Want Loyalty? Accumulate More Dopamine!

Neuroscience offers new insights on what causes customer retention. Experimenters have recently studied the brain activity involved when positive experiences sway the decision to stick with one option rather than switch to another. Since subscription-based companies must keep their customers longer in order to become profitable, understanding how the mind works pays dividends. Science suggests that when managers ensure a history of beneficial encounters, customers will renew their contracts down the road simply because of brain chemistry.


How we decide

Faced with a learning situation, the subconscious mind reflexively anticipates the outcome and sets an expectation. At the end of the learning activity, the brain then evaluates what happened. It releases dopamine, a powerful neurotransmitter, when the action’s reward exceeds the expectation. If the reward falls short, however, the brain restricts dopamine, signaling frustration or anger. At the end of each learning cycle, the brain reduces its reward prediction error, automatically raising or lowering the expectation based on the previous outcome. The expectation is then more in line with reality the next time through the reinforcement learning cycle.

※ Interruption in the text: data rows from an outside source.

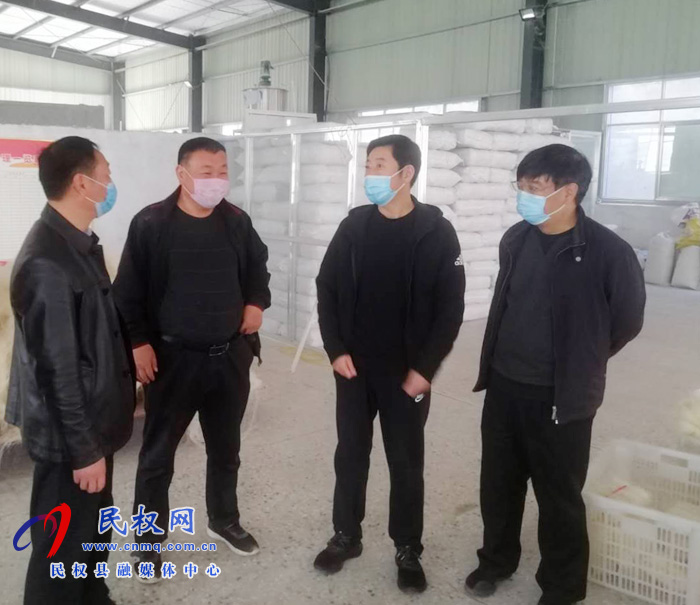 縣委常委、宣傳部長(zhǎng)屠志遠(yuǎn)到莊子鎮(zhèn)扶貧車間督導(dǎo)企業(yè)復(fù)產(chǎn)復(fù)工和貧困戶就業(yè)情況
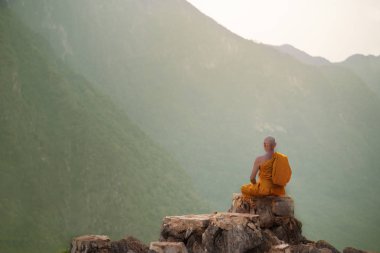 Buda keşiş uygulama meditasyon dağda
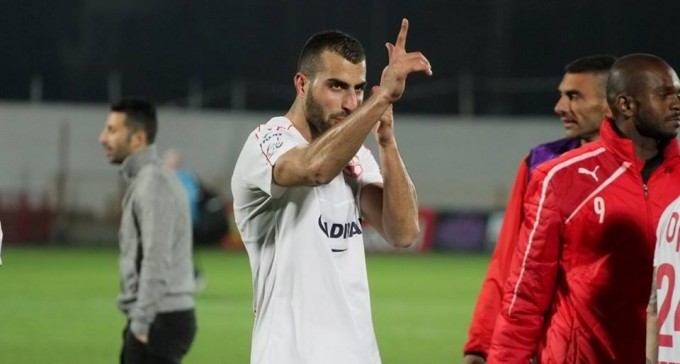 מתפתח ומשתפר: לואי טאהא משתלט על החלק האחורי של הפועל ב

Brain Section.jpgThe amygdala, the part of the brain that experiences emotion, then encodes this emotional content in short-term memory stored in the hippocampus. When we sleep, the hippocampus then consolidates this memory along with others, storing the information for long term in the neocortex.

When we make a decision, our prefrontal cortex constructs representations of various options, and then recalls relevant memories from the neocortex. The brain activates a number of circuits, including the amygdala, to recall, decode and associate a range of factors with each option: emotional intensity, cost, salience, incentive attractiveness, incentive magnitude, motivational state and prior learning history.

The prefrontal cortex then calls upon the basal ganglia to be the ultimate judge. This mid-brain circuitry evaluates each option, compares it with a goal, and then selects the most rewarding path. The basal ganglia then trigger our motor system to take action. This process happens automatically, often below our conscious threshold.

Stay or go?

Recent research on the basal ganglia sheds more light on how the brain makes exploration-exploitation selections.[1] In an experiment to understand the neural circuitry involved in “exploit” (stay where you are) and “explore” (switch to something else) choices, researchers learned that stronger dopaminergic signals in a key basal ganglia circuit decreased exploration behaviors.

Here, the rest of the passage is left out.